EA288エボは、新しい回転式重力ダイカスト製法を使用して作られたアルミ製だ。ストローク(95.5 mm)とボア(81.0 mm)は、これまでのEA288と共通である。鋳造コンセプトは、メイン軸受、デッキ面、シリンダー間の高い剛性の確保と、シリンダーライナーの低気孔率を実現することだった。なお材質はAlSi8Cu3(シリコン、銅添加の高強度アルミ)である。

アルミ製クランクケースの重量は26.5kgで、これまでのエンジンの鋳鉄製クランクケースより20kgの軽量化を実現。薄肉シリンダライナーは鋳鉄製で、熱間圧入されている。

エンジン騒音の低減と強度を両立させるためにクランクケース形状は最適化されている。具体的にはクーラントとオイルの流路を統合させたことで、部品数を減らし同時に騒音低減やクランクケースの剛性を向上させることができている。

ピストン・アッセンブリーとコンロッドはエンジンの出力仕様により異なっている。高出力用のピストンはアルミニウム製であり、低出力用は鍛造鋼製のピストンだ。鍛造鋼製ピストンは熱負荷に強く、高強度のためピストン高を低くでき、長いコンロッドによりピストン部へのサイドスラスト力を低減できる。また摩擦抵抗低減のため、主クランク軸ベアリングの直径は、従来の54.0mmから48.0mmに低減され、コンロッドベアリングは、50.9mmから47.8mmへど縮小されている。またこのためクランクシャフトも従来のEA288より2.8kgの軽量化が実現している。バランスシャフトも従来より細くされ、軽量化と摩擦抵抗の低減が図られている。

シリンダーヘッド

EA288エボのシリンダーヘッドはまったくの新しいデザインで、 従来型とは違ってインジェクターが中央に配置されている。シリンダーヘッドは、AlSi10Mg(シリコン、マグネシウム、銅添加アルミ)合金で鋳造され、熱処理されている。 そして低バルブリフト時のポート部はスワール(横渦)を発生できるように工夫されている。

摩擦低減のために、バルブ形状が変更され、吸気弁、排気弁の軸径は、直径5mmに縮小された。質量が小さくバルブスプリング力を低減することができたのだ。

オイル潤滑は可変油圧システムを採用し、使用するオイルは0W20と超低粘度タイプとしている。エンジン内部の摩擦抵抗は従来型に比べ25%も低減されている。

インテークマニホールドは従来型と同様に水冷インタークーラー一体型を採用。
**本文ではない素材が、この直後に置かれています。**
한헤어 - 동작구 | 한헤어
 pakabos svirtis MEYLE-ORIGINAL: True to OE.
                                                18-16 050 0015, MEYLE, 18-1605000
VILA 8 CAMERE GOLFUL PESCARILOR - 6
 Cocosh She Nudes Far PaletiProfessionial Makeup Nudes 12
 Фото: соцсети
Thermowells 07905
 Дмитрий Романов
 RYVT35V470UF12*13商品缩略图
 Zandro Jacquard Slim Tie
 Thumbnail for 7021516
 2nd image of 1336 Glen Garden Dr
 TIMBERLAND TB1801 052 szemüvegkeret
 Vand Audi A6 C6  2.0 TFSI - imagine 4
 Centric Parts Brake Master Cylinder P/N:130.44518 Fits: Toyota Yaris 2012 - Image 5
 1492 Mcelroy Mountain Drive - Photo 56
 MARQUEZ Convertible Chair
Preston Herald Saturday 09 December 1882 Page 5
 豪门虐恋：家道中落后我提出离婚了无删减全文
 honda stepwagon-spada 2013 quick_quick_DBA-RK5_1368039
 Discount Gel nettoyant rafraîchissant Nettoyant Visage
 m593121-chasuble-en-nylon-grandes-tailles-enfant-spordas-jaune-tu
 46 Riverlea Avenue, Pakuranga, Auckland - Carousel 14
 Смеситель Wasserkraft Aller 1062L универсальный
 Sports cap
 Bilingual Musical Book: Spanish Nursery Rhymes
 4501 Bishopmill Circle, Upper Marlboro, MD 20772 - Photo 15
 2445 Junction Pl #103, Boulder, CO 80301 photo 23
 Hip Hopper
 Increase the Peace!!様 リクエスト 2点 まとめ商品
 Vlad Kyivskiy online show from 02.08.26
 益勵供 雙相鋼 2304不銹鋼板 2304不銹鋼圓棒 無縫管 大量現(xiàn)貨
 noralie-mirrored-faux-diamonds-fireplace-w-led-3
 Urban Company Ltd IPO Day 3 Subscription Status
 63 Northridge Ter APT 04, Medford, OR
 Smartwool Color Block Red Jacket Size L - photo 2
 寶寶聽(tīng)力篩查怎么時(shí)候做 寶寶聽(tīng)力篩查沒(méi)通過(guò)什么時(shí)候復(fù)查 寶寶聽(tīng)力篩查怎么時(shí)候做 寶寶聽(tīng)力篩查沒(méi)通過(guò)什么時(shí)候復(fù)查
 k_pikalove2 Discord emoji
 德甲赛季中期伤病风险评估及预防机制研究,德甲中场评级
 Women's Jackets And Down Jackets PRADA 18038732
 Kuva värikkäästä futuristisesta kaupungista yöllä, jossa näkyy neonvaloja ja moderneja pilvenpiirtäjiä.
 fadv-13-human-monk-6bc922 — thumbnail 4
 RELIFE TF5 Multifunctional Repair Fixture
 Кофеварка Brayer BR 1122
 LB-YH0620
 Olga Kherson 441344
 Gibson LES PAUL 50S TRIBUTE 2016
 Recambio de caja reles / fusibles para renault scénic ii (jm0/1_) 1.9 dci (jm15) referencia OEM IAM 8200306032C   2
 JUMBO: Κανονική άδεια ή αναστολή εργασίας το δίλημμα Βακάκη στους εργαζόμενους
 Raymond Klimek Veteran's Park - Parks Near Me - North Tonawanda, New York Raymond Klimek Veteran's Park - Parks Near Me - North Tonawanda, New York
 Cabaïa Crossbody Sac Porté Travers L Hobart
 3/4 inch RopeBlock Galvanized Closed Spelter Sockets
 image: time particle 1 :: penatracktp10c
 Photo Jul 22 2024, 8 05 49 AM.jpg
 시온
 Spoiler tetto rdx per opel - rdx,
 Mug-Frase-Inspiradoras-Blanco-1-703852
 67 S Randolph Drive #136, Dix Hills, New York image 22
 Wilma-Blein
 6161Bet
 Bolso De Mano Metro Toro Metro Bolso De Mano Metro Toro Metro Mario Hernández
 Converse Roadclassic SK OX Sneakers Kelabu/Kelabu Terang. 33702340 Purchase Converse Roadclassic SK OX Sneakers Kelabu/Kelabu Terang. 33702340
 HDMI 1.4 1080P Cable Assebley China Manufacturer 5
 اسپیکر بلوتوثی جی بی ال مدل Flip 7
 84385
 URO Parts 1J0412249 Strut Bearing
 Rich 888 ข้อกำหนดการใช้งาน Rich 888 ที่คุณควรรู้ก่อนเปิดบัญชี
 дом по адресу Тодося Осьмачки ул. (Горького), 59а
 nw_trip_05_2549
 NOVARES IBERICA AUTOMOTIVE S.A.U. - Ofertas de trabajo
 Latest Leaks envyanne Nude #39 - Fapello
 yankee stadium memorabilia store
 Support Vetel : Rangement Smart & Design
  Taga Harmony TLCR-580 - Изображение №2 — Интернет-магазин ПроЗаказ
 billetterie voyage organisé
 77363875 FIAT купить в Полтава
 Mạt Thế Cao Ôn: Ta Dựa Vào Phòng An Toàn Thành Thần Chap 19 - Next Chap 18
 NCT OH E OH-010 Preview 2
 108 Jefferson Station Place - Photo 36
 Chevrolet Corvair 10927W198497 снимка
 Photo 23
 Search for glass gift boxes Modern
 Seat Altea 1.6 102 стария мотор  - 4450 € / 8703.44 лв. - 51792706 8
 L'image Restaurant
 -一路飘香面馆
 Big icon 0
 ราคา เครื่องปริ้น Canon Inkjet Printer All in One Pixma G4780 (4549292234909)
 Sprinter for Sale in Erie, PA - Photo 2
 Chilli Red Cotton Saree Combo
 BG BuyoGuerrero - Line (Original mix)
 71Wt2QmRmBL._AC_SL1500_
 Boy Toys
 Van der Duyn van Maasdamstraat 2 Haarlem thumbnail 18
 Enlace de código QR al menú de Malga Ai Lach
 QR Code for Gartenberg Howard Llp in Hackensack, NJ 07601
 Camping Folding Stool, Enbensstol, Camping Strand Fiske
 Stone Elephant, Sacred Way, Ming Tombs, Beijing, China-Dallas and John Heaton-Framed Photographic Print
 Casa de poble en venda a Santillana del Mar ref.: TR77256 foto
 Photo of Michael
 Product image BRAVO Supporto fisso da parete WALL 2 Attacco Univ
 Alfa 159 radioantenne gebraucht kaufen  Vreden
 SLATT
このタイプは吸気温度を低めるために冷却水は冷却水温度と外気温度に合わせて精密に制御されるようになっている。

EGRは高圧、低圧の2系統を使用する。クーラーと電動バルブを備えた低圧EGRは8kW以上の冷却性能を持っている。高圧EGRシステムは一体化されたインタークーラー部横にEGR弁を装備し、冷間始動や暖機中に高圧EGRが稼働する。

また、EA288エボは出力仕様にあわせた専用のターボを装備する。特に低出力仕様のエンジンには新世代の可変ジオメトリーターボが装備されている。この新型ターボは、タービン側、コンプレッサー側ともに大幅に効率が高められている。このターボも高出力仕様のターボもともに電動アクチュエーターを装備し、またターボ吸気音を低減するため3室構造のステンレス製ノイズダンパーが装備されている。

2200barという直噴高圧インジェクターはボッシュ製のソレノイド式で、世界中の市場に適合できるスペックとなっている。タイミングベルトによって駆動される高圧ポンプは、低品質のディーゼル燃料にも耐えられるよう、潤滑性能も高められている。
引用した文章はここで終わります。